It was the smoking barns that first drew me down the rabbit hole of learning about the tobacco plant, Nicotiana. I had no idea the billows of smoke that hovered around these barns came from a curing process that has been used to preserve tobacco leaves for hundreds of years.
In retrospect, I’m so glad I didn’t call the fire department! My friends who grew up on farms with smoking tobacco barns said strangers were always coming to their door to inform them their barns were on fire.
These alluring barns with their hovering fog-like smoke are everywhere in the agriculturally rich fields of Kentucky.
It wasn’t until I opened the door of this historical barn that I became enamored with the mottled leaves hanging on racks that rested on a series of ever-rising rafters and the low-burning fire beneath.
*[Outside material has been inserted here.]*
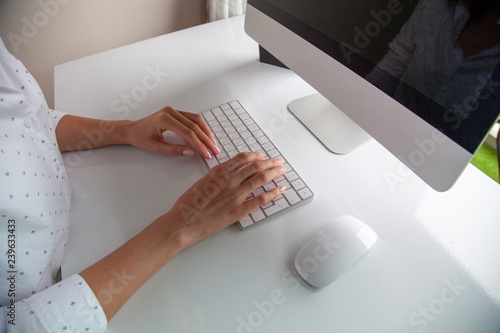 hands of a girl typing on a keyboard with a Russian layout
The architecture of the barns, the tantalizing smell of the drying leaves, and the agricultural history associated with the growth and harvest of tobacco have captivated my attention ever since.
The Tobacco Barns
There are two types of barns built for curing tobacco in Kentucky: those specifically constructed for air-curing and those built for wood-firing. Which barn one uses depends on how the tobacco will ultimately be finished. Flavored tobaccos like those used in pipe blends, snuff and tobacco chew, are smoke or fire-cured in barns that are tightly sealed and have smokestacks. Cigarette and cigar blends, which use a higher grade tobacco known locally as Burley, are simply air-cured in barns that allow for a cross breeze.
Tobacco that is to be air-cured goes into barns built for air-circulation with small open spaces between the wall slats that allow air to blow through.
They do not have smokestacks.
Here is another one. This air-curing style barn is my favorite.
Notice the light coming in through the open spaces in the walls. And the rafters. Notice the rafters. So beautiful! When I am standing in this barn, I feel like I am standing in a church.
Here is a photo of the same barn filled to the ceiling with tobacco. There are seven levels of rafters to hang the tobacco.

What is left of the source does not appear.